CEMAC Cup
- Organiser(s): UNIFFAC
- Founded: 2003
- Abolished: 2014
- Region: Central Africa
- Teams: 6
- Last champions: Chad (1st time)
- Most championships: Cameroon (3 times)

= CEMAC Cup =

Football tournament in Africa

The CEMAC Cup was a non-commercialised football tournament that included only local league players from the Republic of Congo, Chad, Equatorial Guinea, Cameroon, Gabon and the Central African Republic.
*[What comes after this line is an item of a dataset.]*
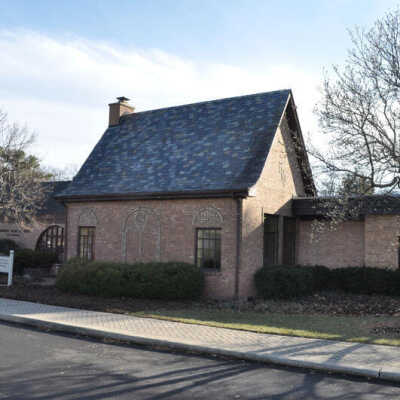 Wilder Park, Elmhurst Park District Building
As the local leagues in these six countries are amateur leagues, it was a non-professional competition. However, it is a good competition for recruiters who want to sign new talent in European clubs.

These countries have also played seven tournaments before, the UDEAC Cup, from 1984 until 1990. After more than a decade, the same countries decided to revive the competition under another name, the CEMAC Cup.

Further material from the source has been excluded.